Task to carry out:
Taking the line with "OBA, Municipal Census" as the first and the last line of the entries as the final one, copy that span exactly.

Collected data entries:
= = =
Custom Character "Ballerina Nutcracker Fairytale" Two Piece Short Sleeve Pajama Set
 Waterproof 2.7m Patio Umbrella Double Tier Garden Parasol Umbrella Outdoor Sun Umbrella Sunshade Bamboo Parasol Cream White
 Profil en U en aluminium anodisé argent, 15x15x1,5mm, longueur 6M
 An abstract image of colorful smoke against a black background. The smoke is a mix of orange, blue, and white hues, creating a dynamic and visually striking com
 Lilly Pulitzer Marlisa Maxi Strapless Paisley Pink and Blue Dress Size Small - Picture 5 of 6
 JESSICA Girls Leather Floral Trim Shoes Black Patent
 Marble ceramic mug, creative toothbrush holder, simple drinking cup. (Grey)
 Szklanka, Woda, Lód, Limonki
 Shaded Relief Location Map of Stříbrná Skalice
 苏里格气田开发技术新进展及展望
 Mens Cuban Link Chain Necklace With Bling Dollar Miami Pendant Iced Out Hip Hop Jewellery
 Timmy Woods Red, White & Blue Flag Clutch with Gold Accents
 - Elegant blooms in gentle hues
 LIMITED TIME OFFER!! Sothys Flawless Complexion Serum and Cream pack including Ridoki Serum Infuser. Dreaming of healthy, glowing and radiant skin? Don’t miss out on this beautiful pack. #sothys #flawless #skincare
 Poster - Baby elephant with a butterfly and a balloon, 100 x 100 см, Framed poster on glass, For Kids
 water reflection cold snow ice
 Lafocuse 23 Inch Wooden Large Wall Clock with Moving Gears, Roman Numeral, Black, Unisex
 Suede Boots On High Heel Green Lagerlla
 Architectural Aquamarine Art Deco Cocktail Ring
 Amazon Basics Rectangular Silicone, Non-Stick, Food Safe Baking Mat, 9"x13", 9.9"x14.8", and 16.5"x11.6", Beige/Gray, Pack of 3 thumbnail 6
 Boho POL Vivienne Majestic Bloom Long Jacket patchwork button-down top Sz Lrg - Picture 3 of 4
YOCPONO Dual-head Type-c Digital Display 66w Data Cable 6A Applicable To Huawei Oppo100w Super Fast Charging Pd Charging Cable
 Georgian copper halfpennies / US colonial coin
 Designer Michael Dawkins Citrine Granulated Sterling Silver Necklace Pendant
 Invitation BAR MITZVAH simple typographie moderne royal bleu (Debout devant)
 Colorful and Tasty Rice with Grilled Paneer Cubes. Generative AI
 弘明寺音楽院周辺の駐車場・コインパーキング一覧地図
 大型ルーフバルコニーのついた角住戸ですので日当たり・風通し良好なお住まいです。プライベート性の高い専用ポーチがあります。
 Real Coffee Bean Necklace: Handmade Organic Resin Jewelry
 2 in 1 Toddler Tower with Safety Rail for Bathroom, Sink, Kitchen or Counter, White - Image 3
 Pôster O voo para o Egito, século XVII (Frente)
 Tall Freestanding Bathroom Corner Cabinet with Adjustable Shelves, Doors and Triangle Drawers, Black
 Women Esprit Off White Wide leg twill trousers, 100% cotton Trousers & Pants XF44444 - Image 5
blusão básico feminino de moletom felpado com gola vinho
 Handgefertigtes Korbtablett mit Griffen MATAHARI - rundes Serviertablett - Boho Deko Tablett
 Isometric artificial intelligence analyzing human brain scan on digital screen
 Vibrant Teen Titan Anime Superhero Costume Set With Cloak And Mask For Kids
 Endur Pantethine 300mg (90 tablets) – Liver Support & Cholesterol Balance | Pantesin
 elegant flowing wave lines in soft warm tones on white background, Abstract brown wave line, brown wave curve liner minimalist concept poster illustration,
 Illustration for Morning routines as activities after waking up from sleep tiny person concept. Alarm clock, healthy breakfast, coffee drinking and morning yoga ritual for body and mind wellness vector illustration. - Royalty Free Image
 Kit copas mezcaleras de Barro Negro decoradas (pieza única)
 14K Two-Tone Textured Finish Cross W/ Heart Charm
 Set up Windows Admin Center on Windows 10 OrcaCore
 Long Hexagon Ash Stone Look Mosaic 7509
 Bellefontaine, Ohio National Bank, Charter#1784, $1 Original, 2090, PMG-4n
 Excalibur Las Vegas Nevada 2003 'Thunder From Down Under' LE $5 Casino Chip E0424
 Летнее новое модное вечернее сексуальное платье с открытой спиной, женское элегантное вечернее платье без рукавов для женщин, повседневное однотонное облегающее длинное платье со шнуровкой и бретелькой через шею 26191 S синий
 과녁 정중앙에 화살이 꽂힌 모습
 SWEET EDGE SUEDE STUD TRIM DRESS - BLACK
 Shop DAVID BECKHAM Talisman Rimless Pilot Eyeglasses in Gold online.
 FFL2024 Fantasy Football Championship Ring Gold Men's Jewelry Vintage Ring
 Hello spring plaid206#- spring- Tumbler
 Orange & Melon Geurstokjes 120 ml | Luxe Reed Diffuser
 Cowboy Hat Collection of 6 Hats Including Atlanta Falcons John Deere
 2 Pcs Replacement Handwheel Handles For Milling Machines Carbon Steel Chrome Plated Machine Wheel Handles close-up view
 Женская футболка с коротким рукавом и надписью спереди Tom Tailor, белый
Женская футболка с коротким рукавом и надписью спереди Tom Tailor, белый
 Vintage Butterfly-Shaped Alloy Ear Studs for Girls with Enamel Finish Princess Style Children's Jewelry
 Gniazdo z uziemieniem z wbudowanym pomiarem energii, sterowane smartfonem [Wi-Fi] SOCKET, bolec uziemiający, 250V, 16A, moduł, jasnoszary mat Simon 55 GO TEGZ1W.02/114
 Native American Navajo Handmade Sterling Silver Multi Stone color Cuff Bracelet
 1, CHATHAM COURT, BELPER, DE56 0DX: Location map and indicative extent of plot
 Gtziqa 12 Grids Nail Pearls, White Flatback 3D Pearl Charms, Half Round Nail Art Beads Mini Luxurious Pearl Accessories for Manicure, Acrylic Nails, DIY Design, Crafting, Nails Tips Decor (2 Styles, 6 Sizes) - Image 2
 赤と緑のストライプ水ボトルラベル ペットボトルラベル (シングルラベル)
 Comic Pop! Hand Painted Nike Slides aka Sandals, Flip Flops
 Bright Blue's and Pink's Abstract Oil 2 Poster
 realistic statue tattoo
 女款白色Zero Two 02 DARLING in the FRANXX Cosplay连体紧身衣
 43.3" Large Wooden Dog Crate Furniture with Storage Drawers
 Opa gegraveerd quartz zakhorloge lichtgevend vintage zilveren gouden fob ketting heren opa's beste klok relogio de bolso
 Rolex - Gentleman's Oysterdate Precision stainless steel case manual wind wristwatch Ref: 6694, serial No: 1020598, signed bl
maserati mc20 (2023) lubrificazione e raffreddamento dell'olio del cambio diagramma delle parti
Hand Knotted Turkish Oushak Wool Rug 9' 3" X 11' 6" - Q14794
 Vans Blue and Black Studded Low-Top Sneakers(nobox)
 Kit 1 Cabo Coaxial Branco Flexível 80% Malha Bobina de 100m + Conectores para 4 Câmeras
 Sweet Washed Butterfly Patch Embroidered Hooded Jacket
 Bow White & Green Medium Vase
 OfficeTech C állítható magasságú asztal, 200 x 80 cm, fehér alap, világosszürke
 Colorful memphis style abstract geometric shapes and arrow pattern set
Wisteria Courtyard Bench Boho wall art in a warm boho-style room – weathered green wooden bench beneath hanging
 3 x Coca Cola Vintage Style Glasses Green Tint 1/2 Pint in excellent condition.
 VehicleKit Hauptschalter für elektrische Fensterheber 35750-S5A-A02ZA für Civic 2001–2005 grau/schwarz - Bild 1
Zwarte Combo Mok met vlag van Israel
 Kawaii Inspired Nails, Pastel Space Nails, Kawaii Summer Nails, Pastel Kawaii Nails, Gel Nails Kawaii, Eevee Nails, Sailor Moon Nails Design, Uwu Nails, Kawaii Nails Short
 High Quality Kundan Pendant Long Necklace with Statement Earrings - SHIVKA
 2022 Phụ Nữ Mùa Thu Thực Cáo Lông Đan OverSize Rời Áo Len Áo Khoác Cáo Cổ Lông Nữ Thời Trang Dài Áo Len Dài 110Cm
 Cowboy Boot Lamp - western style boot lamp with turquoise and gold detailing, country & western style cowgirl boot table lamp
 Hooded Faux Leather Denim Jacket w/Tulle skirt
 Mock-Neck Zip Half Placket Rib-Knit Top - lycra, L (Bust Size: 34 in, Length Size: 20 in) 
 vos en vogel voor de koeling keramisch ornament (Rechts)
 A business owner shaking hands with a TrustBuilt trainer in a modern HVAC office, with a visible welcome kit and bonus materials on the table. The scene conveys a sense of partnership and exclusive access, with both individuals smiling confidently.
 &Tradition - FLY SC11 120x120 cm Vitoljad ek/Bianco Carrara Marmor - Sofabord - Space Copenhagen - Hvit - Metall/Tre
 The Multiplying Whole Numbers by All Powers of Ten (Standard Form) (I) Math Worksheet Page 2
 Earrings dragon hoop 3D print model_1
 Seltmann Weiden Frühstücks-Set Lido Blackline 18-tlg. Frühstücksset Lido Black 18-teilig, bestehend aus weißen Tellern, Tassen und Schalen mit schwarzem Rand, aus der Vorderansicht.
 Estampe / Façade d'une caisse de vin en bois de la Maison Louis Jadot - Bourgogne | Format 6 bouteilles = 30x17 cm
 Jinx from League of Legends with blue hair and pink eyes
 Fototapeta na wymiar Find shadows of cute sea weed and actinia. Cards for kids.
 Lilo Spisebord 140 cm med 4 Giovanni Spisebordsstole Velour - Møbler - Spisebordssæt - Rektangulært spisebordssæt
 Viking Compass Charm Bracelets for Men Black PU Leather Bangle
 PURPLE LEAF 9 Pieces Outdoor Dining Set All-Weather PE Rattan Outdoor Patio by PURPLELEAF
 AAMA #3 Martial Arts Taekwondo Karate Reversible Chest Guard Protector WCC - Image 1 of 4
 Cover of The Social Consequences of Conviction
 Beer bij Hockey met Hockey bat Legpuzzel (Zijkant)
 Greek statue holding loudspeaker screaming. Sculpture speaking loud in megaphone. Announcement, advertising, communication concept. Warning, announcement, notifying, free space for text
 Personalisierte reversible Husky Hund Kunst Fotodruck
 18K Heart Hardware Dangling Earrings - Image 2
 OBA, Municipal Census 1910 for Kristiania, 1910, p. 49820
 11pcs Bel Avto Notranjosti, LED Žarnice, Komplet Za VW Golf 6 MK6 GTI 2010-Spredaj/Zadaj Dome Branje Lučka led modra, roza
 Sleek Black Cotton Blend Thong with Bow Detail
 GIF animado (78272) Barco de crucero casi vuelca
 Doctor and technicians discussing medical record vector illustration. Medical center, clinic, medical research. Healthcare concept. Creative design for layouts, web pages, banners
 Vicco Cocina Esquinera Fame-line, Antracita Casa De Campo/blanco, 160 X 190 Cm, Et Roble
= = =
Response to the exercise:
 OBA, Municipal Census 1910 for Kristiania, 1910, p. 49820
 11pcs Bel Avto Notranjosti, LED Žarnice, Komplet Za VW Golf 6 MK6 GTI 2010-Spredaj/Zadaj Dome Branje Lučka led modra, roza
 Sleek Black Cotton Blend Thong with Bow Detail
 GIF animado (78272) Barco de crucero casi vuelca
 Doctor and technicians discussing medical record vector illustration. Medical center, clinic, medical research. Healthcare concept. Creative design for layouts, web pages, banners
 Vicco Cocina Esquinera Fame-line, Antracita Casa De Campo/blanco, 160 X 190 Cm, Et Roble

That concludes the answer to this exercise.